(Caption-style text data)
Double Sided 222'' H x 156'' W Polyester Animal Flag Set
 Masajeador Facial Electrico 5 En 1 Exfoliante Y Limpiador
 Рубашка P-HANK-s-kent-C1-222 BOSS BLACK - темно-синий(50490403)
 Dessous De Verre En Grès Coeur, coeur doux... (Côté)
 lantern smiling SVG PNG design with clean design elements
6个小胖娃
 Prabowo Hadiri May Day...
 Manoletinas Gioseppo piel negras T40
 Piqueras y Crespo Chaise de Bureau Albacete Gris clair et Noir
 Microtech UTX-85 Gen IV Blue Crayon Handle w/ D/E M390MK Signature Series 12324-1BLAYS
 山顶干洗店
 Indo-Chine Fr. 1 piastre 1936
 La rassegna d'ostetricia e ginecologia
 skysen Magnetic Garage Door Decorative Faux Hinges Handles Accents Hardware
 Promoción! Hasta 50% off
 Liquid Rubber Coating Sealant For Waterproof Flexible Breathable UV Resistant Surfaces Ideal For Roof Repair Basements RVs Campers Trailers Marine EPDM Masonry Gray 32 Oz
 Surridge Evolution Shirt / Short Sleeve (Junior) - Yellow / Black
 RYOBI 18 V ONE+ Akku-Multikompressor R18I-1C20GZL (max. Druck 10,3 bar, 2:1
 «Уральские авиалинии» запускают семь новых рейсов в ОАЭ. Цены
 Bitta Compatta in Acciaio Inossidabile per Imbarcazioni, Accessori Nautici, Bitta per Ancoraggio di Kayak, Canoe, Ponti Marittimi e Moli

▶ [EXERCISE PROMPT]: Please give an exact copy of the lines above, beginning with the line containing "Piqueras y Crespo" and running through the line containing "skysen Magnetic Garage", and of no other lines.

▶ [COMPLETED TASK]:
 Piqueras y Crespo Chaise de Bureau Albacete Gris clair et Noir
 Microtech UTX-85 Gen IV Blue Crayon Handle w/ D/E M390MK Signature Series 12324-1BLAYS
 山顶干洗店
 Indo-Chine Fr. 1 piastre 1936
 La rassegna d'ostetricia e ginecologia
 skysen Magnetic Garage Door Decorative Faux Hinges Handles Accents Hardware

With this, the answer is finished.